Wherever the string "Hunter" shows up in the records below, return that line.

START RECORDS SUPPLIED

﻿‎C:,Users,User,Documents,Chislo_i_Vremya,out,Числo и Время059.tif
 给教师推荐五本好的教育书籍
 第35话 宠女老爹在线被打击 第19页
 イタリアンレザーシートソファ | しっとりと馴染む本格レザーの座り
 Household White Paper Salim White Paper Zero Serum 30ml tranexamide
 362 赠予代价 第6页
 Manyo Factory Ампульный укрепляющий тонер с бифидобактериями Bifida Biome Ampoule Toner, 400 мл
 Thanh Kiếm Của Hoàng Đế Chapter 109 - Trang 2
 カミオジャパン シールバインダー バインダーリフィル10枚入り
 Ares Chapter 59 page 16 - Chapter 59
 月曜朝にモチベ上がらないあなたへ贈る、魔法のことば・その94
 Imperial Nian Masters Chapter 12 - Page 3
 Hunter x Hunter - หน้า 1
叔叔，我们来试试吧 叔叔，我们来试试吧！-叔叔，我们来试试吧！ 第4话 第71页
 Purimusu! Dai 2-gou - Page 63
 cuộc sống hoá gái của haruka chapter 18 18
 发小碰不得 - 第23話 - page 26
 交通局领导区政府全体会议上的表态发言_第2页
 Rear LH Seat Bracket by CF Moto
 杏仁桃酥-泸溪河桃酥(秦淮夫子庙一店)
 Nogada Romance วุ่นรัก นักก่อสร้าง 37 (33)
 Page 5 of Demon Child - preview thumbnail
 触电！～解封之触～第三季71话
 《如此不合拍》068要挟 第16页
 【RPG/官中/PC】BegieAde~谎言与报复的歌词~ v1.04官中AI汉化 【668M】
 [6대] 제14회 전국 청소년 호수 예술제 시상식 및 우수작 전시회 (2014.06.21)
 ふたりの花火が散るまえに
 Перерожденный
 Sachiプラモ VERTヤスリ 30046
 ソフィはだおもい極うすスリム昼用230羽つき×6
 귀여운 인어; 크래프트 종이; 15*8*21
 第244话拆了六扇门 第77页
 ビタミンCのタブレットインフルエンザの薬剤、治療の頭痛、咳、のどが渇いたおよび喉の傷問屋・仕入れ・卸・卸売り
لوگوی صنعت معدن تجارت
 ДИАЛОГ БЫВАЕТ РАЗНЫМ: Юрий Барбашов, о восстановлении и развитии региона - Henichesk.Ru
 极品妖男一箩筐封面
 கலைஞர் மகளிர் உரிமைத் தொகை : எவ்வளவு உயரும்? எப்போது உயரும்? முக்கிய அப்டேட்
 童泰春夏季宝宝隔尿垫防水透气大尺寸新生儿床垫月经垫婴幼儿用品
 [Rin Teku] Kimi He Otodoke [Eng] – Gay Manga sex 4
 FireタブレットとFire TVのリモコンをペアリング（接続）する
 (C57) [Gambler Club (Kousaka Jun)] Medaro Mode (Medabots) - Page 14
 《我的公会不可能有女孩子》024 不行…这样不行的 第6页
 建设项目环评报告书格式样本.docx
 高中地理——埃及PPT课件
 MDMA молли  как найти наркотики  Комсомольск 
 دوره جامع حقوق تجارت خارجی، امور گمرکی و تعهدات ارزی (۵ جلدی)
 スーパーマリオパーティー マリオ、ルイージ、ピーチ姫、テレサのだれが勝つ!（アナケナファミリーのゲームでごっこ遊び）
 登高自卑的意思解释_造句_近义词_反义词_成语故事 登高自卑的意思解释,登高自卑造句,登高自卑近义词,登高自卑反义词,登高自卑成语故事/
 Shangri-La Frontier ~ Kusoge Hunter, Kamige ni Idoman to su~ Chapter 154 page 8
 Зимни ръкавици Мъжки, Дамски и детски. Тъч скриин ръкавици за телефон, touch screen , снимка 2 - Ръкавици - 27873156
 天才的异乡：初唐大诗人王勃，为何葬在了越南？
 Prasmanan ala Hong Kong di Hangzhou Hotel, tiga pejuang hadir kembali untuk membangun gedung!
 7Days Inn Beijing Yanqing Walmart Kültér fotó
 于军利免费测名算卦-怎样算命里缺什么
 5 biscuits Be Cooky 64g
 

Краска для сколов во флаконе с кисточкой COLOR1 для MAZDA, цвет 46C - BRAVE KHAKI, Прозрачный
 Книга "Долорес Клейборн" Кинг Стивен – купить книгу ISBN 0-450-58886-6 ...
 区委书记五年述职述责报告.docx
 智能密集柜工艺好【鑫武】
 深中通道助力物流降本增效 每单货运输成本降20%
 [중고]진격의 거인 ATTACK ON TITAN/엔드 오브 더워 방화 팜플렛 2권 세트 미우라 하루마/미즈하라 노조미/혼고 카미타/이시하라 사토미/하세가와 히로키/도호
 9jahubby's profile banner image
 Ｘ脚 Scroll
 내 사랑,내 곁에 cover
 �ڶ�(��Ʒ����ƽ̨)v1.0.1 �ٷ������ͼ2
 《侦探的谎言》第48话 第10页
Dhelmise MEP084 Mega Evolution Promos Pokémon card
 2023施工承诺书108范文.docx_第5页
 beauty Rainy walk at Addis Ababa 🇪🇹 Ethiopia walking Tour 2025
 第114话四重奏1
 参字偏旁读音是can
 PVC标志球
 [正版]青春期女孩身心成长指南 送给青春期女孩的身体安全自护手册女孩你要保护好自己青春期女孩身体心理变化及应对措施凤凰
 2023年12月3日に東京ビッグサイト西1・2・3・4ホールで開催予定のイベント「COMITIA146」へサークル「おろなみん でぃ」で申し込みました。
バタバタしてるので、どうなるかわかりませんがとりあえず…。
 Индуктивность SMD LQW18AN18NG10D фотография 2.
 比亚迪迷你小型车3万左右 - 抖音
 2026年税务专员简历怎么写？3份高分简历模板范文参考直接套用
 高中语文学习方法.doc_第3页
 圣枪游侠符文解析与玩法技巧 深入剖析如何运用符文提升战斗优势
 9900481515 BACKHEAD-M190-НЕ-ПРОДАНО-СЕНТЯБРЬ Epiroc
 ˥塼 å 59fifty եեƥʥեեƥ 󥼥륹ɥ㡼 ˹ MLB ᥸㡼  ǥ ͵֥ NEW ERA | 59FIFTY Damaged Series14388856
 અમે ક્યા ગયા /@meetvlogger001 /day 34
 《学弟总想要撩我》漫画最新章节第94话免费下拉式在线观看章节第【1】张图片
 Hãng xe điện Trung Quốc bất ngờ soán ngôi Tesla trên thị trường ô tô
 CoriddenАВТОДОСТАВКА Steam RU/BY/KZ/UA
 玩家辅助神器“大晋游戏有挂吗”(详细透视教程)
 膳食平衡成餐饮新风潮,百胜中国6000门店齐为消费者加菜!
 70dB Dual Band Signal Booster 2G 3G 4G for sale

END RECORDS SUPPLIED

▸ ANSWER
 Hunter x Hunter - หน้า 1
 Shangri-La Frontier ~ Kusoge Hunter, Kamige ni Idoman to su~ Chapter 154 page 8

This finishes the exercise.